Re: Multiple types from different vocabularies (ACTION-7) from Dan Brickley on 2011-10-30 (public-html-data-tf@w3.org from October 2011)

From: Dan Brickley <danbri@danbri.org>
Date: Sun, 30 Oct 2011 10:55:02 +0100
To: Ivan Herman <ivan@w3.org>
Cc: Jeni Tennison <jeni@jenitennison.com>, HTML Data Task Force WG <public-html-data-tf@w3.org>
Message-ID: <CAFNgM+Yx9iYKEKen0A9-vhx8DHYSo-9qQdCmoFQxYBuMpVthYg@mail.gmail.com>
On 30 October 2011 10:02, Ivan Herman <ivan@w3.org> wrote:
> *Formally* one can of course put an
>
> <http://schema.org/type> owl:equivalentProperty <http://www.w3.org/1999/02/22-rdf-syntax-ns#type> .

Yes, we ought to probably do that, if 'type' gets added.

> into the schema.owl file. But if we do that, strictly from the Semantic Web/OWL world (I know, this may be of no interest for many, but I still have to consider that) what this would mean is that schema.owl would push everything into OWL Full (it is not allowed in OWL DL to make statements on the core vocabulary). If anybody ever would like to use the schema.org vocabulary within the framework of a more complex reasoning but staying within OWL DL, then that person would be doomed.

I'd be suprised if we're not already in Full with most real-world
Schema.org data.  I haven't run any formal checker over the current
OWL representation of the schema, though.

e.g. http://schema.org/docs/datamodel.html "We also expect that often,
where we expect a property value of type Person, Place, Organization
or some other subClassOf Thing, we will get a text string. In the
spirit of "some data is better than none", we will accept this markup
and do the best we can." ... this doesn't seem very DL-friendly.

Anyhow "doomed" is too strong. What we need imho is a change of
perspective towards more pipeline-based processing models for RDF
data. It is too optimistic (I won't say 'naive', but it's tempting) to
generally expect to be able to take data-bearing pages from mainstream
Web sites, pull out triples with a parser, and drop them unmediated
into a trusting, truth-centric OWL environment. Much more likely,
we'll see a more pipeline centric workflow, with all kinds of cleanup,
mappings, filterings and other enrichments happening between doing the
HTTP GET and doing anything that involves relying on the factual
claims that our parsers extract from Web pages.
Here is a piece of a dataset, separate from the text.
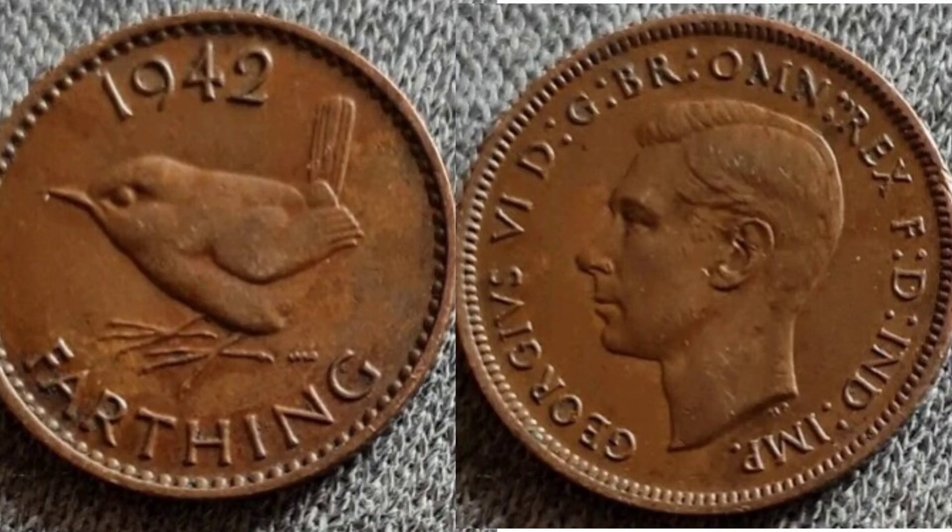Unfortunately the Farthing coin is not a super valuable coin. A perfect uncirculated version is worth £4–5, and a good quality coin you can pick up for the 40–50 pence mark. So again, another one of those coins that you definitely want to try and buy in a mixed lot, so you're not paying more for the postage than the coin itself.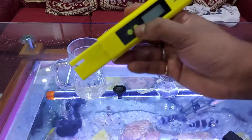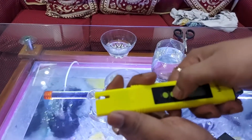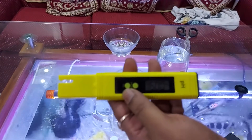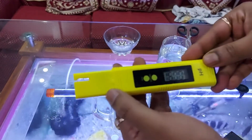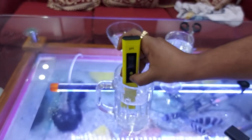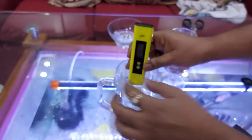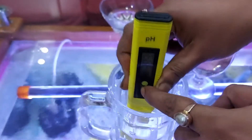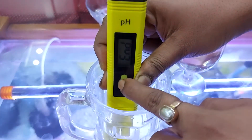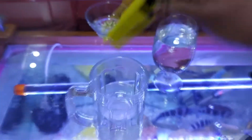After that, take the pH meter like before and turn it on. Press the calibration button for five seconds, then release it and press it just once more. Press for five seconds — it will blink 4.01 — release and press again. It will show 'END' and the calibration is now complete.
So It is far from
"doom" to expect large scale consumption of in-page factual data to
involve a bit of filtering, post-processing and cleanup. Not to
mention source-selection and provenance-sensitive decision making.
That seems a perfectly reasonable assumption to me.

I guess for a modest percentage of Schema.org deployments the data
will be super-high quality (eg. some opendata-in-science collab
wikis), and in those cases OWL Full might be imposing an inconvenience
on OWL-centric consumers. But since Dublin Core and FOAF are currently
also in OWL Full afaik, the problem isn't unique to Schema.org. I can
see some kind of pre-semantic robustification filter being a useful
addition to any OWL environment, ie. a filter that 'tidies' things
into a form that is more friendly towards OWL DL tooling.

All that said, OWL is a garbage-in-garbage-out machine; if you give it
true stuff, it'll figure out more true stuff. If you give it stale or
factually incorrect input, you'll get dodgy conclusions. I'm much much
more worried about that kind of 'doom' than about having instance data
'cross the streams' and talk about the built-in terminology, as are
the other Schema.org folk, hence all the concern about
author/publisher error rates and syntax simplicity.

> Strictly speaking, even OWL 2 RL would break, though that is the closest to any ground RDF reasoning around. The same holds, of course, if we used www.w3.org/ns/type. That is _one_ of the reasons I was saying that this is equally bad. (I do not think this is a far fetched possibility. Elsewhere in one of the threads the issue of mixing schema.org terms with, say, medical ontology terms came up, and that would be a very reasonable thing to do. The medical informatics world makes a significant use of OWL reasoning with their particular ontologies. Ie, we are not talking about exclusively research topics here.)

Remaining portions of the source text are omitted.